したがって、NIを計算する際には、実際に使える所得だけをカウントするため、固定資本減耗分を差し引く必要があります。これにより、「純」所得を把握できます。
間接税と補助金の調整理由
間接税(消費税や酒税など)は企業が政府に納める税であり、価格に上乗せされて支払われます。これらは実際には企業や家計の所得ではなく、政府の取り分です。したがって、企業の生産活動による真の所得とは言えません。
反対に、政府から支払われる補助金は企業の所得を増やす要素であるため、間接税を控除し、補助金を加算することで、より正確な分配ベースの所得(NI)に近づけます。
具体的な計算式の流れ
以下は、GNIからNIを導く基本式です。
- GNI − 固定資本減耗 − 間接税 + 補助金 = NI
この計算によって、見かけの大きな所得ではなく、実際に国民に分配される純粋な所得を把握できるようになります。
実例:簡単な数値でシミュレーション
仮にGNIが600兆円、固定資本減耗が50兆円、間接税が40兆円、補助金が10兆円あったとします。
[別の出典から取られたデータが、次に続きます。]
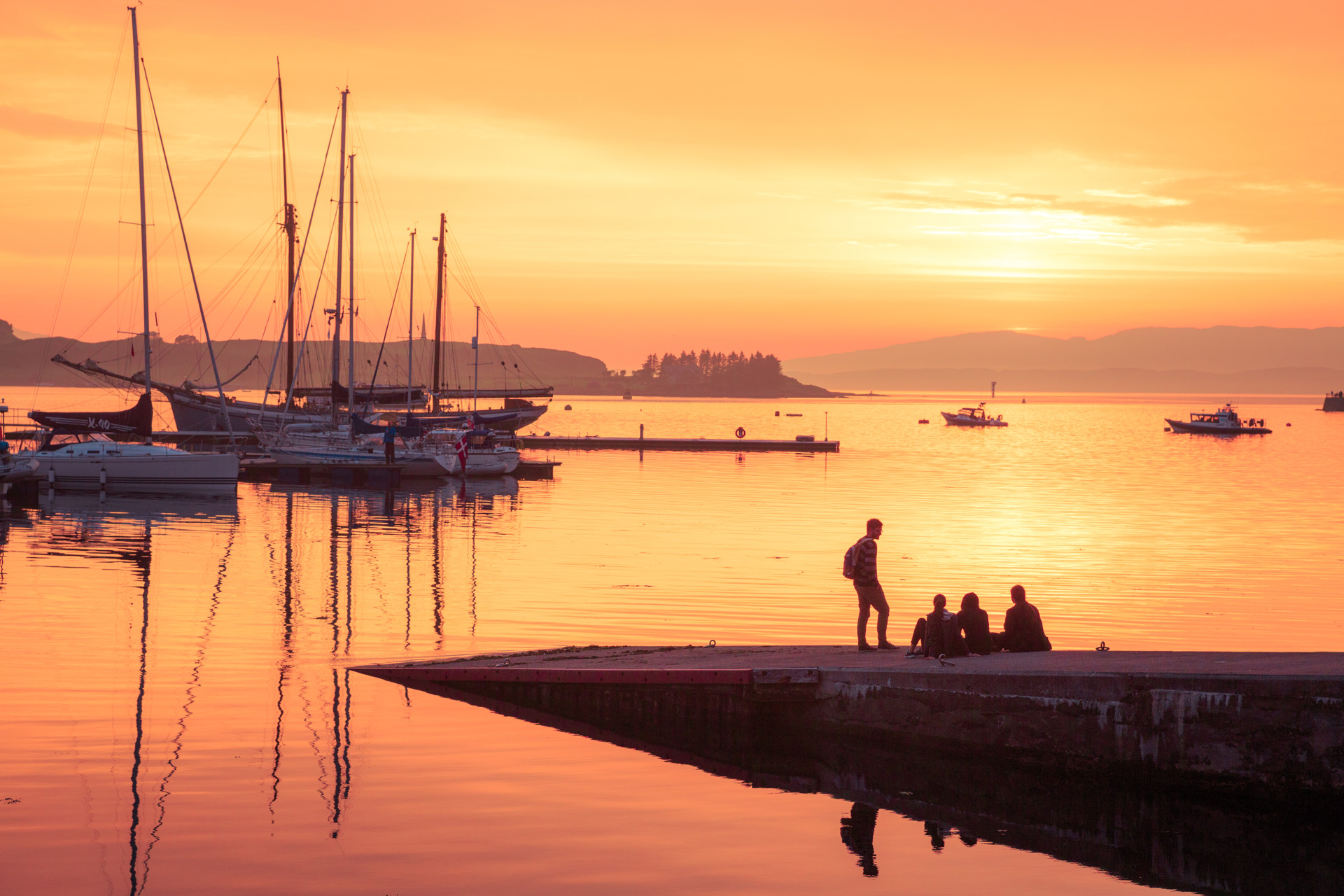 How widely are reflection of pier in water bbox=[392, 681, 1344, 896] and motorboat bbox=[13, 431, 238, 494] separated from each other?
39175 mm

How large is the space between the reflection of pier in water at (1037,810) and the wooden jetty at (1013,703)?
→ 166mm

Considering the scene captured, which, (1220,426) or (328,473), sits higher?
(1220,426)

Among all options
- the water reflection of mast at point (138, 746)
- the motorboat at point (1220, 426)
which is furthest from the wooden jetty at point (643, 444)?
the motorboat at point (1220, 426)

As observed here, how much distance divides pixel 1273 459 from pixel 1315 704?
92.3 m

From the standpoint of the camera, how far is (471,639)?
22234mm

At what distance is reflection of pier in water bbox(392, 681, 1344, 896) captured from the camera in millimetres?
12453

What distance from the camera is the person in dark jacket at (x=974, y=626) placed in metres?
16.6

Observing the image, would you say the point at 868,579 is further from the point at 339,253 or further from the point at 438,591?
the point at 339,253

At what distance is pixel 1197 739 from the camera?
549 inches

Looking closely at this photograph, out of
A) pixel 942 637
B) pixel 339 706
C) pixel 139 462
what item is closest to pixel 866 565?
pixel 942 637

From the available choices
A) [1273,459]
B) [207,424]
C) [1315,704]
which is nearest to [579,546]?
[1315,704]

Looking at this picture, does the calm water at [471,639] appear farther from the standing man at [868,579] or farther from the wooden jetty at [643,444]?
the wooden jetty at [643,444]

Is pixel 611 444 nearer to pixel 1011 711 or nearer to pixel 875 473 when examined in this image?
pixel 875 473

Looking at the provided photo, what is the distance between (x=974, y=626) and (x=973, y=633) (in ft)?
0.33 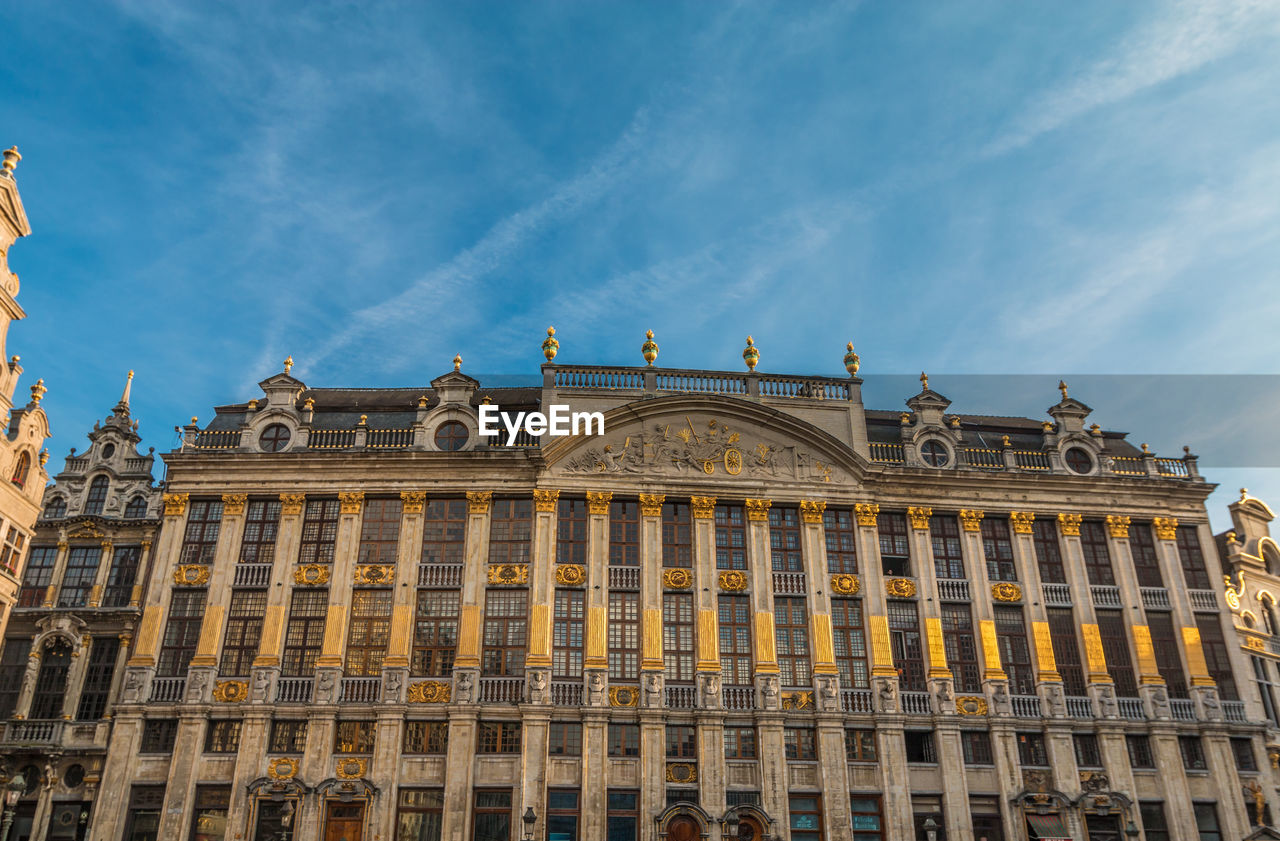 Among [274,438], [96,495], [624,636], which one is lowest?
[624,636]

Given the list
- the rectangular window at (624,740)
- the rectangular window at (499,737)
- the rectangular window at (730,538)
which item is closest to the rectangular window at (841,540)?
the rectangular window at (730,538)

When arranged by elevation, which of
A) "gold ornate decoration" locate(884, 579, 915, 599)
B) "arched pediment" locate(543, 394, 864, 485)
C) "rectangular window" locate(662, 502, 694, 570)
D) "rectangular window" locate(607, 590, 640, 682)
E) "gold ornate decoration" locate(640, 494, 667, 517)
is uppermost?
"arched pediment" locate(543, 394, 864, 485)

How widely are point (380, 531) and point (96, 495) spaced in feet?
43.3

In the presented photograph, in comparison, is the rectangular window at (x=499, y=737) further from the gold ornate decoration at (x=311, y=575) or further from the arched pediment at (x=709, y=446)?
the arched pediment at (x=709, y=446)

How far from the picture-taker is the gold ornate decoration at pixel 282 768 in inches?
1404

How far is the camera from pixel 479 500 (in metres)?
40.3

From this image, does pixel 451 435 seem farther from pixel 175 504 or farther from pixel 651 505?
pixel 175 504

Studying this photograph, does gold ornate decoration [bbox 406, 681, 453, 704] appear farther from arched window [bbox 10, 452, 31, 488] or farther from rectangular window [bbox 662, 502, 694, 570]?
arched window [bbox 10, 452, 31, 488]

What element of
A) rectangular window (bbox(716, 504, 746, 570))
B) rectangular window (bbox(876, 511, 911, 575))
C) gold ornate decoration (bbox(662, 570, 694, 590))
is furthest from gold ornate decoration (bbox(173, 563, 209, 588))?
rectangular window (bbox(876, 511, 911, 575))

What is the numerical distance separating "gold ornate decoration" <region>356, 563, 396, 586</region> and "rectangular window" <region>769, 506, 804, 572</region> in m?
14.9

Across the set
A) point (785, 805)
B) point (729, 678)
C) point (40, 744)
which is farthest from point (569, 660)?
point (40, 744)

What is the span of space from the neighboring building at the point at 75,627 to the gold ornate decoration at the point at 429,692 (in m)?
11.9

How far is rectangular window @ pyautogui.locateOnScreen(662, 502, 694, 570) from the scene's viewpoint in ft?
132

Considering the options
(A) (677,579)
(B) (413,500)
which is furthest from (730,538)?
(B) (413,500) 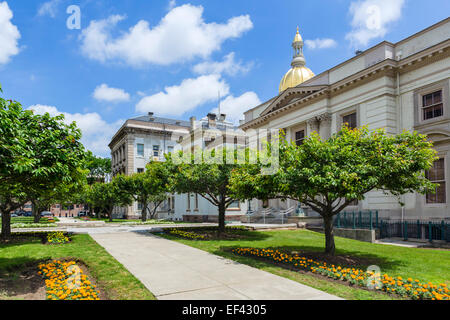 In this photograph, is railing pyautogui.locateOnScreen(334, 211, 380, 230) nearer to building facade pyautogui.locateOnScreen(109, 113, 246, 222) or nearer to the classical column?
the classical column

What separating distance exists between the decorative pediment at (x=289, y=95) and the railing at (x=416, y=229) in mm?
12471

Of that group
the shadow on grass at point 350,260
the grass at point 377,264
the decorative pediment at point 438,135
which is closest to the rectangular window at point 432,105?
the decorative pediment at point 438,135

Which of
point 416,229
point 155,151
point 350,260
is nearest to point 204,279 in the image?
point 350,260

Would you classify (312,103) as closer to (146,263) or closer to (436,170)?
(436,170)

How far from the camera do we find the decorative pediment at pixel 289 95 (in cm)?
2900

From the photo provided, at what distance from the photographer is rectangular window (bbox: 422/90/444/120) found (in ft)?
67.6

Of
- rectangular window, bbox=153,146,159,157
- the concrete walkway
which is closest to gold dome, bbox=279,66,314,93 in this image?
the concrete walkway

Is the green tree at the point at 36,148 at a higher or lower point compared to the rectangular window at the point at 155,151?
lower

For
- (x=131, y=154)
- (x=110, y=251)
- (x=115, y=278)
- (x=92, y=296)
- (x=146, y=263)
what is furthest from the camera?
(x=131, y=154)

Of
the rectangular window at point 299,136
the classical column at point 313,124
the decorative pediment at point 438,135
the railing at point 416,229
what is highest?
the classical column at point 313,124

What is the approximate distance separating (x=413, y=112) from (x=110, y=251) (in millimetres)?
20322

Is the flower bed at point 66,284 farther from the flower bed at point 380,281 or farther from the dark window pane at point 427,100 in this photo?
the dark window pane at point 427,100

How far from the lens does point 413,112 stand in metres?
21.9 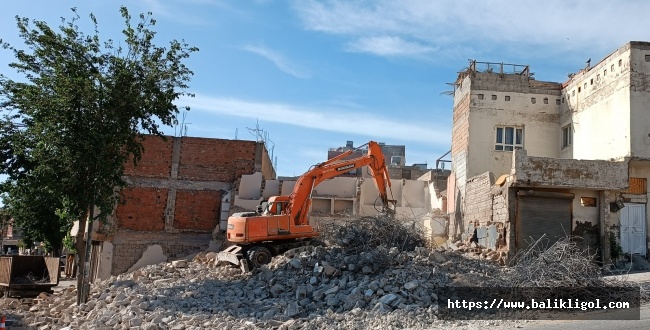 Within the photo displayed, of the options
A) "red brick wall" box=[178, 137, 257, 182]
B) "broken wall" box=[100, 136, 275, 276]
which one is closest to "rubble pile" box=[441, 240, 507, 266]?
"broken wall" box=[100, 136, 275, 276]

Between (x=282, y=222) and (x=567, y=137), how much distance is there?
45.9 feet

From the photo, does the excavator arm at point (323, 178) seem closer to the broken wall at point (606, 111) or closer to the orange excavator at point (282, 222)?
the orange excavator at point (282, 222)

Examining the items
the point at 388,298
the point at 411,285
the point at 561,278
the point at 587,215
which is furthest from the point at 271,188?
the point at 561,278

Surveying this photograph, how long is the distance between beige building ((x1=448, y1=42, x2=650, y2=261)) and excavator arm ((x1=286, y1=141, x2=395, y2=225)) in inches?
166

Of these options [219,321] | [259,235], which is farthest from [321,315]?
[259,235]

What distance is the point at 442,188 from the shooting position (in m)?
29.5

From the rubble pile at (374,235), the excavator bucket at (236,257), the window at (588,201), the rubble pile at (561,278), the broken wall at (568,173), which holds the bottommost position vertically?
the excavator bucket at (236,257)

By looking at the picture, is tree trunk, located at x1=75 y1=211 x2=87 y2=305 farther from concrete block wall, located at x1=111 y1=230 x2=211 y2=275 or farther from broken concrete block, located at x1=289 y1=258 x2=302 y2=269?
concrete block wall, located at x1=111 y1=230 x2=211 y2=275

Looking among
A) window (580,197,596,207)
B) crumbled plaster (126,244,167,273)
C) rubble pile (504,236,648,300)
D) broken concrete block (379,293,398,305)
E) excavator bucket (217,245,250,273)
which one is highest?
window (580,197,596,207)

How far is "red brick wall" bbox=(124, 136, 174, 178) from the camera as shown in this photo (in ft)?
88.7

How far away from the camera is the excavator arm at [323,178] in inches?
745

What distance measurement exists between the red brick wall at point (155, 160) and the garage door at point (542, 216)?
1658cm

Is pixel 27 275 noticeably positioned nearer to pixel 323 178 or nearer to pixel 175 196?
pixel 175 196

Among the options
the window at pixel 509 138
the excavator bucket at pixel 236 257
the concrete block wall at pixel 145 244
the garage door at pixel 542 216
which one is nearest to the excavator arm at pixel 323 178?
the excavator bucket at pixel 236 257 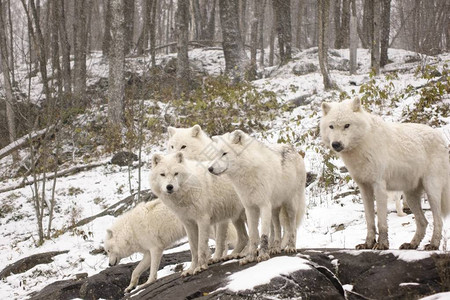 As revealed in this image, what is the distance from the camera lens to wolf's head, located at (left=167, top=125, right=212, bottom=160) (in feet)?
23.8

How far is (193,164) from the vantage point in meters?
6.21

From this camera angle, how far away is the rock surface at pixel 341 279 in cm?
412

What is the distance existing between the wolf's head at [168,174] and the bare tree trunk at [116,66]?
10405 mm

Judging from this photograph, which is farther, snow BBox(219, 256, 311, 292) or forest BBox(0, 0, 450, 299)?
forest BBox(0, 0, 450, 299)

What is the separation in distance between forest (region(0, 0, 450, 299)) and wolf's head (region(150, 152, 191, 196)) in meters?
2.58

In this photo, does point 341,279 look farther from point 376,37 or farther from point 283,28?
point 283,28

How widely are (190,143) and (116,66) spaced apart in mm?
9506

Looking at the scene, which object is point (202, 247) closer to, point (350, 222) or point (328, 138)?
point (328, 138)

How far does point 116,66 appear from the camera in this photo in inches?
624

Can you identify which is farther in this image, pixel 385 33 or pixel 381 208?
pixel 385 33

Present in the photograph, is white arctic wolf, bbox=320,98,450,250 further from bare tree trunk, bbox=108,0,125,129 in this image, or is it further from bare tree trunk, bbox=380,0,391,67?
bare tree trunk, bbox=380,0,391,67

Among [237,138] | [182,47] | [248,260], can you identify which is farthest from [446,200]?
[182,47]

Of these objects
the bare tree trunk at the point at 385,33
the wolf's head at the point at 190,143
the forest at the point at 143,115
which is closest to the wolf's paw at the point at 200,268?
the wolf's head at the point at 190,143

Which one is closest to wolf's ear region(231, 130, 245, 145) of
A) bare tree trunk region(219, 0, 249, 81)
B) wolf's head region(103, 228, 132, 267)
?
wolf's head region(103, 228, 132, 267) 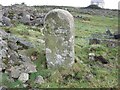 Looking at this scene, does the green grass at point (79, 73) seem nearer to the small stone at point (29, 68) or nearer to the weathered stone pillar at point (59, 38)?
the small stone at point (29, 68)

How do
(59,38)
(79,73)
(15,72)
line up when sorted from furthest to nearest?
1. (59,38)
2. (79,73)
3. (15,72)

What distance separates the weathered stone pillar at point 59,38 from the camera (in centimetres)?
2056

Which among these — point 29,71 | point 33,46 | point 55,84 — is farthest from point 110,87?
point 33,46

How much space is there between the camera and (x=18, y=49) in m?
22.8

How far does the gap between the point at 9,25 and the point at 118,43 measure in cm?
966

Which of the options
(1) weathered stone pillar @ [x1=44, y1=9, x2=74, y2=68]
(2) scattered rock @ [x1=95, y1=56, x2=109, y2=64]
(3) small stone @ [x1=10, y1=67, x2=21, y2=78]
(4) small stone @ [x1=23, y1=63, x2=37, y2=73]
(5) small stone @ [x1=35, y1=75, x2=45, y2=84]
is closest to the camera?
(5) small stone @ [x1=35, y1=75, x2=45, y2=84]

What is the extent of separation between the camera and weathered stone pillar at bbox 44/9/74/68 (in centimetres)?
2056

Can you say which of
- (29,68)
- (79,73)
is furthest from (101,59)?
(29,68)

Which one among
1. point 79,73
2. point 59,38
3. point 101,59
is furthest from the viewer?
point 101,59

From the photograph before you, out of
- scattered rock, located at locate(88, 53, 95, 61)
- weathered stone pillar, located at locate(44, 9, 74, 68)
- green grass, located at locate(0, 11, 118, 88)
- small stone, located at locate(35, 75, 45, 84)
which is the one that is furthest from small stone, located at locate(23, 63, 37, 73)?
scattered rock, located at locate(88, 53, 95, 61)

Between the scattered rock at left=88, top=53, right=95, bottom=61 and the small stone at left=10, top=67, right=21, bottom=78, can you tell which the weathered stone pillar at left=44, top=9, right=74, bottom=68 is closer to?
the small stone at left=10, top=67, right=21, bottom=78

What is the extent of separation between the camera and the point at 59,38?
68.1 feet

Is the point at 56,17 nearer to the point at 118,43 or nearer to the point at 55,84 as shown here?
the point at 55,84

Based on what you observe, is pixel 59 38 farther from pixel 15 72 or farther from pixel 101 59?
pixel 101 59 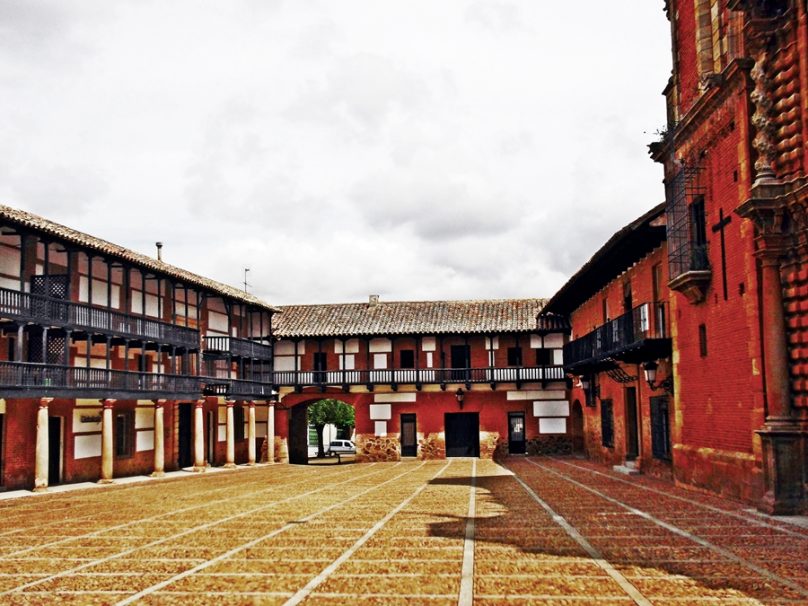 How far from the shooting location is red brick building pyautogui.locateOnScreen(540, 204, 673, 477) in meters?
20.8

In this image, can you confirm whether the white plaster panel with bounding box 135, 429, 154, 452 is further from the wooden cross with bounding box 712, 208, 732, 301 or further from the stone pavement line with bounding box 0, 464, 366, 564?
the wooden cross with bounding box 712, 208, 732, 301

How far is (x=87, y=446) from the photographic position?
26.0 meters

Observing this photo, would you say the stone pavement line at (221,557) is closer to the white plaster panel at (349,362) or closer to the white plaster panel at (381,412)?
the white plaster panel at (381,412)

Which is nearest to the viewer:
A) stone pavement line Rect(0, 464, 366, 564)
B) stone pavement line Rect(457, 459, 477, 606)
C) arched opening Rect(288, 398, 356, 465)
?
stone pavement line Rect(457, 459, 477, 606)

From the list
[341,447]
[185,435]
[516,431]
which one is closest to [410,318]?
[516,431]

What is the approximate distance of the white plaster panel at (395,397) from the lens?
3856 cm

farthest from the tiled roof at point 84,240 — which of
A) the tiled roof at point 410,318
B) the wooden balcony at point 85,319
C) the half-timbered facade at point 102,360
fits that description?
the tiled roof at point 410,318

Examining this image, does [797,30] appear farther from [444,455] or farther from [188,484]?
[444,455]

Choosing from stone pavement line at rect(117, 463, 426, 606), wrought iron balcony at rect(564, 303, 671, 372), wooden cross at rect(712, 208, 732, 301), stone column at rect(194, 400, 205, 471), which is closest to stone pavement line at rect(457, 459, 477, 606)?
stone pavement line at rect(117, 463, 426, 606)

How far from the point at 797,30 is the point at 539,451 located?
1049 inches

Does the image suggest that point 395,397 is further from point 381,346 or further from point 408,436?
point 381,346

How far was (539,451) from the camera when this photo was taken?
3778cm

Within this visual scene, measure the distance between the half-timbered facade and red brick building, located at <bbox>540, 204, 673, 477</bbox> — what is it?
44.7ft

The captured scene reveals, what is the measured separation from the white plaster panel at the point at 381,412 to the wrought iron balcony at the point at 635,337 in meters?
13.4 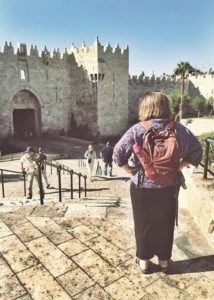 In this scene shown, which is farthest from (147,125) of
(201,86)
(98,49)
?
(201,86)

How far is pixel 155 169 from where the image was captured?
2051 mm

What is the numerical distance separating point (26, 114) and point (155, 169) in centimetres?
2297

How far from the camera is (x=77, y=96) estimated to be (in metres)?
23.5

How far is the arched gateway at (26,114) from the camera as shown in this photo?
2122cm

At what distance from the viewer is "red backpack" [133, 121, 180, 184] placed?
2021 mm

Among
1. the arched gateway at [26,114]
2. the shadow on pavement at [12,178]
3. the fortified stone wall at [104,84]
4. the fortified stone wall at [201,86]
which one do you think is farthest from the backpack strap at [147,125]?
the fortified stone wall at [201,86]

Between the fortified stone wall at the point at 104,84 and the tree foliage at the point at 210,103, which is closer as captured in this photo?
the fortified stone wall at the point at 104,84

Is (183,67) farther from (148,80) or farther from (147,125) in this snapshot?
(147,125)

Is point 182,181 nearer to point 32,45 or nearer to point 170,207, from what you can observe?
point 170,207

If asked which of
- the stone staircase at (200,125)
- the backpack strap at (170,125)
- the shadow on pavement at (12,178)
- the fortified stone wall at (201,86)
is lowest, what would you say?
the shadow on pavement at (12,178)

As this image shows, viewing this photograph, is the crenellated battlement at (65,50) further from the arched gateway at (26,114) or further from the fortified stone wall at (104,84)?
the arched gateway at (26,114)

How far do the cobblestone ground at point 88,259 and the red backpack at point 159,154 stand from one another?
0.94 metres

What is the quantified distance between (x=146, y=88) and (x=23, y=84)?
45.8ft

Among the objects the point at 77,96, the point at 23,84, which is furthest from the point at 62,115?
the point at 23,84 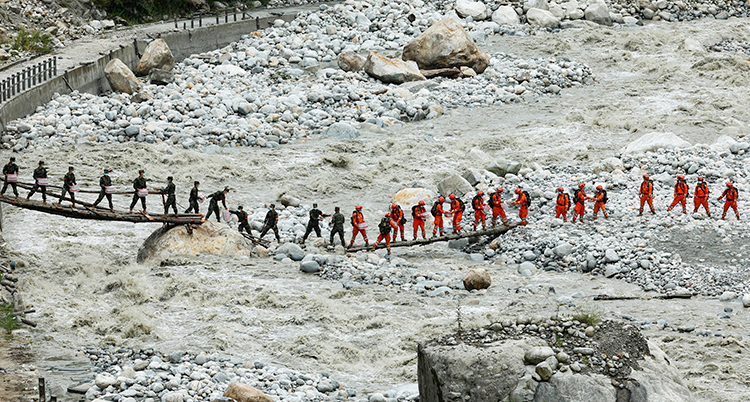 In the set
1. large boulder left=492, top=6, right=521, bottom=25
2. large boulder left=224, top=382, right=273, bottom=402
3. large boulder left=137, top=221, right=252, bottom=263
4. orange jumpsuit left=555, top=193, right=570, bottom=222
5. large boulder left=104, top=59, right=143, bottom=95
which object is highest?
large boulder left=492, top=6, right=521, bottom=25

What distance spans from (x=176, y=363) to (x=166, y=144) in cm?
1489

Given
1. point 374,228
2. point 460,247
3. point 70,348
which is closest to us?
point 70,348

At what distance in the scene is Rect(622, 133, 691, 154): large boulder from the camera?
22.7 metres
このとき。
NI = 600 − 50 − 40 + 10 = 520兆円
このように、50兆円分は資本の補修や更新に使われ、40兆円は政府に渡り、10兆円は政府から補助されているという構造になります。
なぜこの調整が重要なのか
国の政策や景気判断、社会保障の設計において、「実際に国民に届く所得(NI)」が重要な指標となります。税や投資の計画も、可処分所得や企業の実収益に基づいて行われるため、経済分析や政策立案には不可欠な指標です。
まとめ:NIは「使える所得」の実態を映す指標
GDPやGNIは経済全体の大きさや取引の総量を示しますが、NIはより生活に近い「誰がどれだけ受け取っているか」という分配の実態を示します。そのため、固定資本減耗・間接税・補助金といった要素を丁寧に調整することが求められています。